### Work required
From the entries below, copy exactly the lines from the one that contains "Hepsilazım Şehir Yolcu" through the one that contains "Julius-K9 IDC Powerharness", both included, and only those.

*** Task inputs ***

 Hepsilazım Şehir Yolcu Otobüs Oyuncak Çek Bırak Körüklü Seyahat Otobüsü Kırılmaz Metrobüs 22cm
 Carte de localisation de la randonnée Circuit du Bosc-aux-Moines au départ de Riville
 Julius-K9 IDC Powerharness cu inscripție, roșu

***
*** Task inputs ***

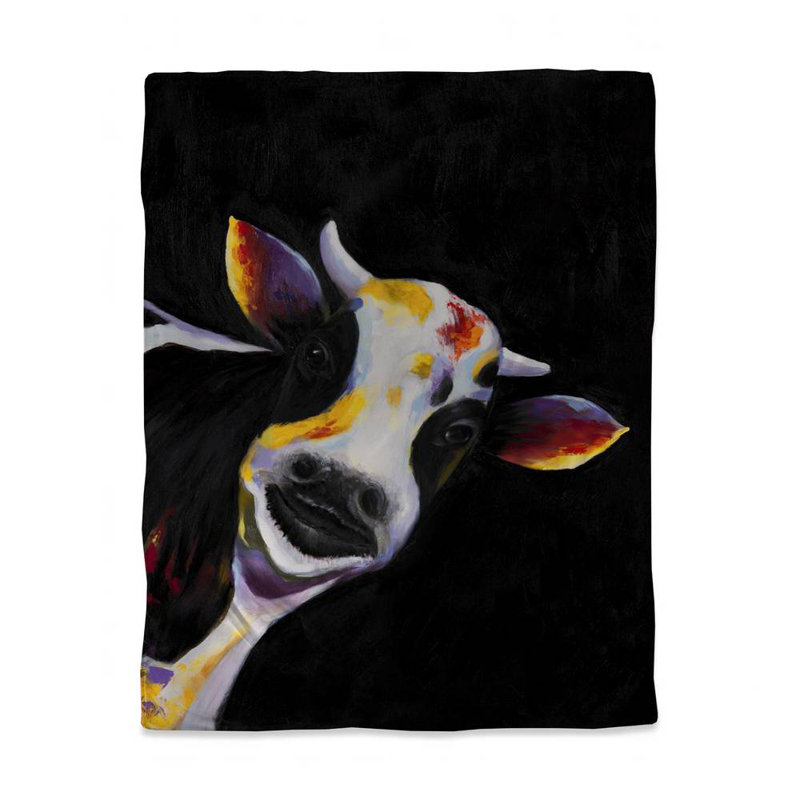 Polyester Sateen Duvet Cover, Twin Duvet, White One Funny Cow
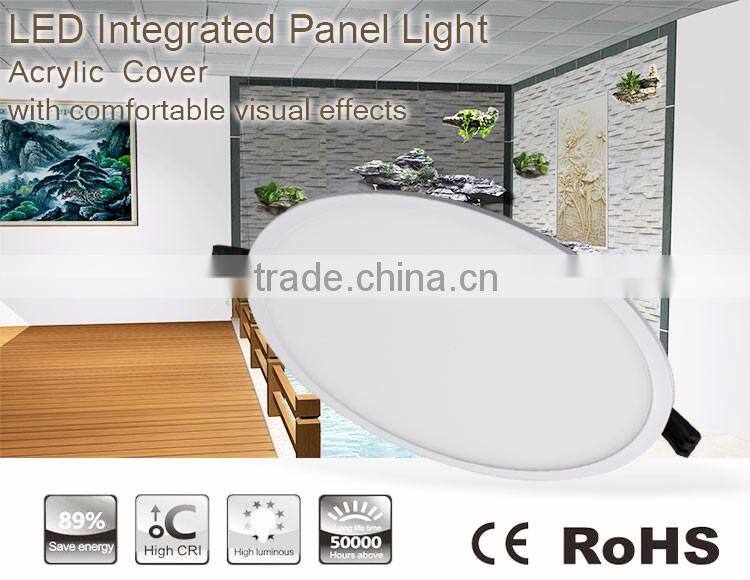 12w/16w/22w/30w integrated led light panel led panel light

***
*** Task inputs ***

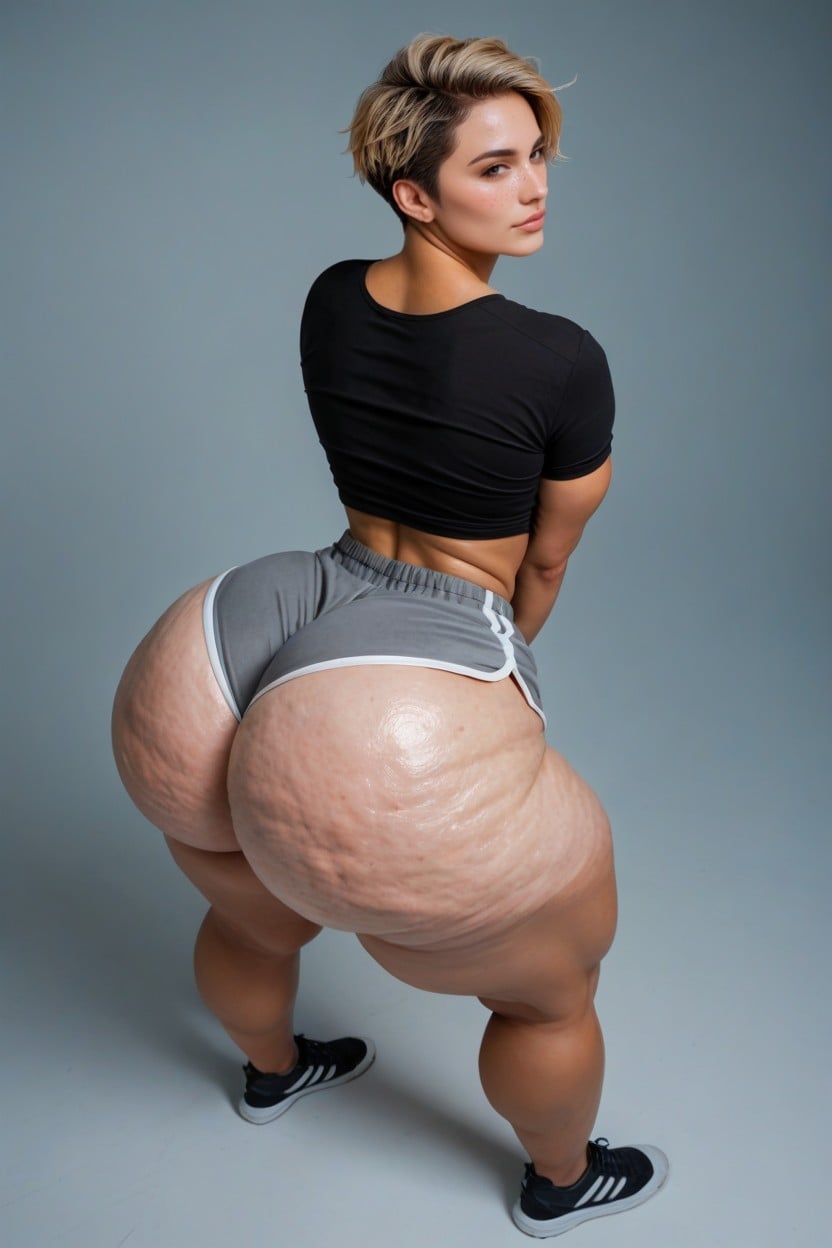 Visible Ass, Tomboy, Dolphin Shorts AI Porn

***

### Written solution
 Hepsilazım Şehir Yolcu Otobüs Oyuncak Çek Bırak Körüklü Seyahat Otobüsü Kırılmaz Metrobüs 22cm
 Carte de localisation de la randonnée Circuit du Bosc-aux-Moines au départ de Riville
 Julius-K9 IDC Powerharness cu inscripție, roșu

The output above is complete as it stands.